Friday, July 18, 2014

Leonardo Padura – Havana Blue

A fellow in my winter Mystery and Suspense class (w/Con Lehane) recommended Leonardo Padura, a Cuban author of detective novels. The recommendation sounded as if they were something I'd like--atmospheric, Chandler-esque stories set in an exotic locale--Habana--so I tried the first one, Havana Blue, written in 1991, and translated into English around 2008. 

The Havana Quartet features police lieutenant Mario Conde, known as "The Count." The stories are seasonal, and the first, Blue, is winter.  The Count is a likable hero, "a cop who would rather be a writer, and admits to feelings of 'solidarity with writers, crazy people, and drunkards'."  Hmm, sounds like me. 

The author does a good job with the Habana setting, an excellent job with the characters--not just Conde, but also his sidekick Manolo Palacios, their cigar-loving chief, Conde's crippled pal Skinny, and his love interest, Tamara.  He does a swell job with sex, describing feelings of lust and passion without getting too clinical or salacious. The translator, Peter Bush, also seems to have done a better than average job with what must have been challenging prose in the original (despite translating into British, rather than American English.) 

The plot is murky.  A high-placed cadre disappears, apparently a difficult thing to do in Cuban society.  The reason eventually turns out to be theft or embezzlement of international funds from his enterprise.  A woman cop of Chinese ancestry finds the paper trail proving this, but what exactly happened or how is about as clear as who killed General Sternwood's chauffeur in The Big Sleep. 

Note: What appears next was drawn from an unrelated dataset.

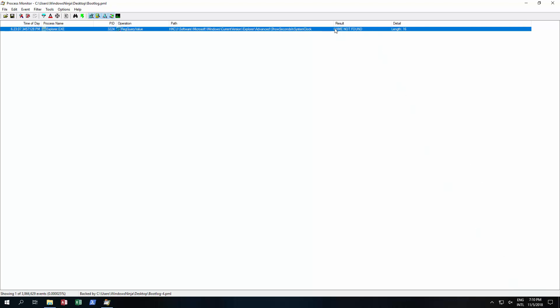And it did not find it. So we have identified a registry key that when enabled would show the system clock.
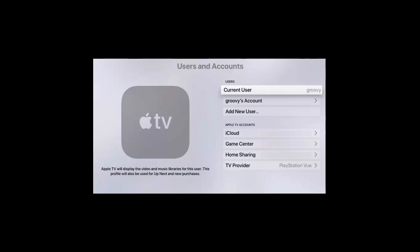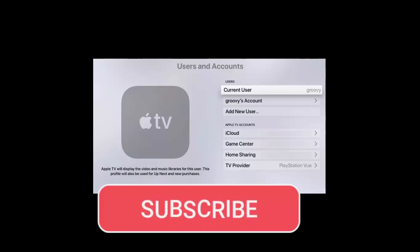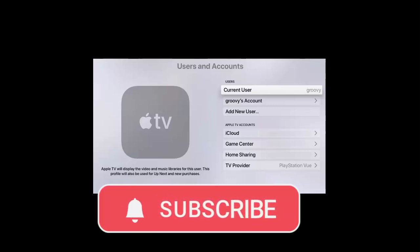Go ahead and select it, and that is how you'll be able to switch profile in Apple TV. I hope the video was helpful — make sure to like, share, and subscribe. Thank you for watching and see you in the next video.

The book was relatively irritating in an almost total lack of dialog tags, a total lack of chapters, and a shifting of voices sometimes following a blank line.  Although the point of view is generally third person Conde, some of the shifts put us in interrogations in which he's not present--for example Manolo interrogates Maciques, (who turns out to be a murderer), in a section of dialogue in quotes with slashes and ellipses between speakers.  What reader needs crap writing like that? 

So while the language was lovely, the characters charming, and the setting atmospheric, would I buy another? Havana Gold, Red, or Black? (Spring, summer, or autumn.)  Not likely.  Too much difficulty slogging through the thing, too little pleasure in return.